Moi drodzy, na przełomie Grudnia 2003 roku oraz Stycznia roku 2004 miałem „przyjemność” żeglować na statku tzw. semikontenerowym poprzez Kanał Mozambicki z południa na północ, kiedy podążaliśmy z Brazylii do Singapuru. No i niestety, nawet mimo faktu, iż o tej porze roku na Półkuli Południowej jest pełnia lata, to trafiła nam się w tym rejonie bardzo zła pogoda, aż tak zła, że zmusiła nas ona nawet do pewnej dewiacji z naszej wyznaczonej trasy, aby tylko schować się gdzieś w celu przetrwania najgorszych chwil huraganu, który akurat wtedy tam się rozpętał, w dodatku jeszcze bardzo silnie wiejąc z północy, czyli nam „prosto w mordę”.
Fala natychmiast się dość znacznie podniosła, wietrzysko hulało wtedy z siłą co najmniej 10 stopni w Skali Beauforta, a my – mając wtedy dość dużą tzw. „powierzchnię nawiewu” (bo cały pokład był „aż po sam sufit” zawalony pustymi kontenerami) – nie mogliśmy sobie pozwolić na narażanie się na niebezpieczeństwo, więc… czym prędzej uciekliśmy pod południowe wybrzeże maleńkiej wysepki Europa, którą właśnie mijaliśmy, a która w tamtych chwilach mogła nam posłużyć jako doskonały „naturalny parawan” ochraniający nas od wiatru.
No i fajnie się stało, bo chociaż wysepka mała i niewysoka (gdyż wzgórz tam jak na lekarstwo), to nawet i to było już dla nas wystarczającymi okolicznościami, aby dobrze się schronić i najgorsze przeczekać.
Podryfowaliśmy więc sobie zaledwie kilka mil na południe od Europy (ha, fajnie to jednak brzmi, prawda?
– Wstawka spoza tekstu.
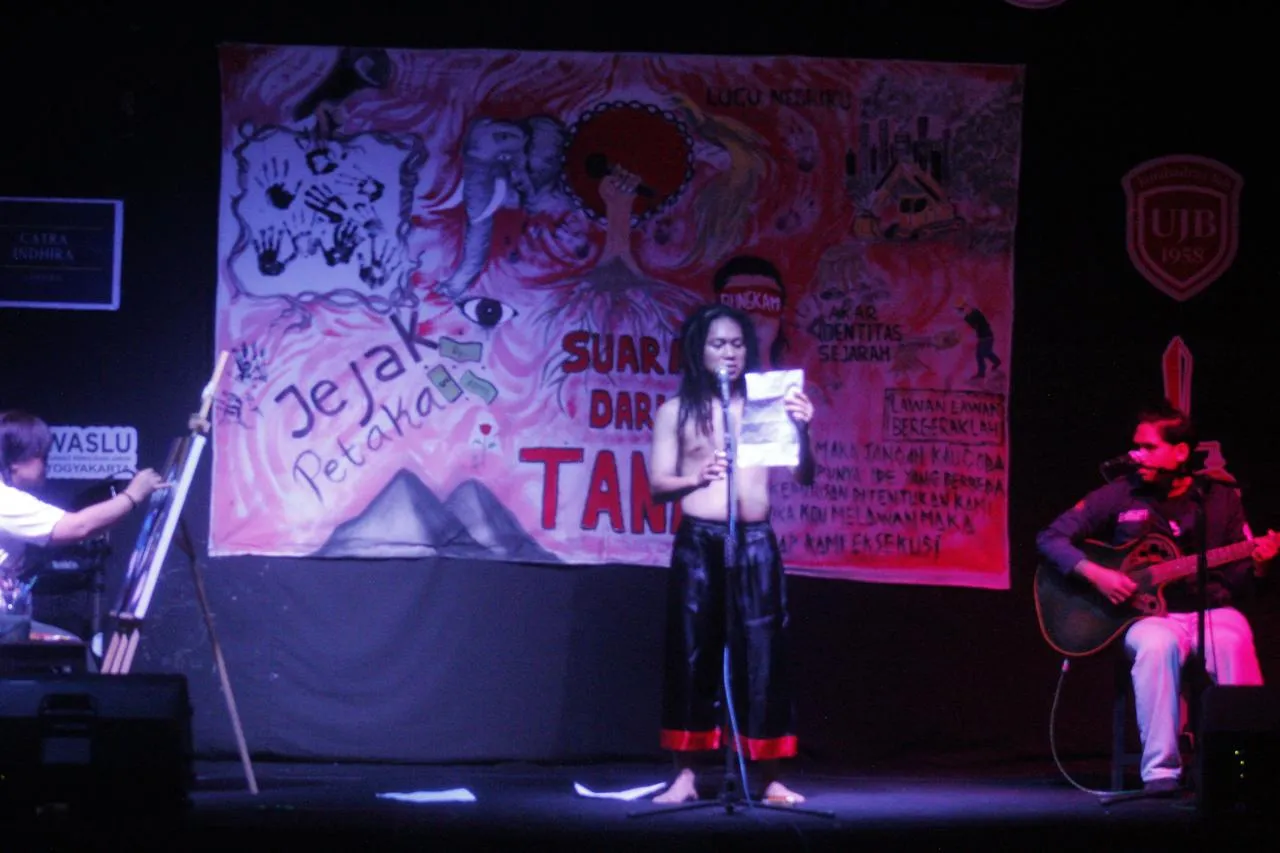 Penampilan puisi “Alam & Manusia” di Living Law Art Stage Yogyakarta menghadirkan kritik tajam terhadap eksploitasi alam dan ketidakadilan masyarakat adat.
Od Europy…), przy okazji oczywiście pilnie się jej przyglądając. Cóż zatem ciekawego na niej dostrzegliśmy..?
Ano… nic takiego, niestety. Na brzegach widać było same trawy i tylko trochę krzewów, jedynie gdzieś tam w oddali majaczyło coś wyższego, zapewne ścianka jakiegoś lasku, bo było to dość soczyście zielone. No i to wszystko…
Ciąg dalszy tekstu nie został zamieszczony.